> _Work to complete_:
Everything from the line containing "(3OZ | 67%)" through the end of the data below should be copied exactly, with no other lines.
### Materials provided
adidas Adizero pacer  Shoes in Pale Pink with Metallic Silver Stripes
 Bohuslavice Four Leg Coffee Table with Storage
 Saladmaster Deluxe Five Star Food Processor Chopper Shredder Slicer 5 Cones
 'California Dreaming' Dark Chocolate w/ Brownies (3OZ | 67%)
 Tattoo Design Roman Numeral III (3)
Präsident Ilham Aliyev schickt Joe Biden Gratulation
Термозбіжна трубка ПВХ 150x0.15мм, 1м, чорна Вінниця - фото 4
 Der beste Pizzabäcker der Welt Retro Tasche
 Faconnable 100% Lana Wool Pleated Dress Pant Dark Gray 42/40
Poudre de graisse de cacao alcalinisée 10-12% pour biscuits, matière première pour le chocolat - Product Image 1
######
> _Expected answer_:
 'California Dreaming' Dark Chocolate w/ Brownies (3OZ | 67%)
 Tattoo Design Roman Numeral III (3)
Präsident Ilham Aliyev schickt Joe Biden Gratulation
Термозбіжна трубка ПВХ 150x0.15мм, 1м, чорна Вінниця - фото 4
 Der beste Pizzabäcker der Welt Retro Tasche
 Faconnable 100% Lana Wool Pleated Dress Pant Dark Gray 42/40
Poudre de graisse de cacao alcalinisée 10-12% pour biscuits, matière première pour le chocolat - Product Image 1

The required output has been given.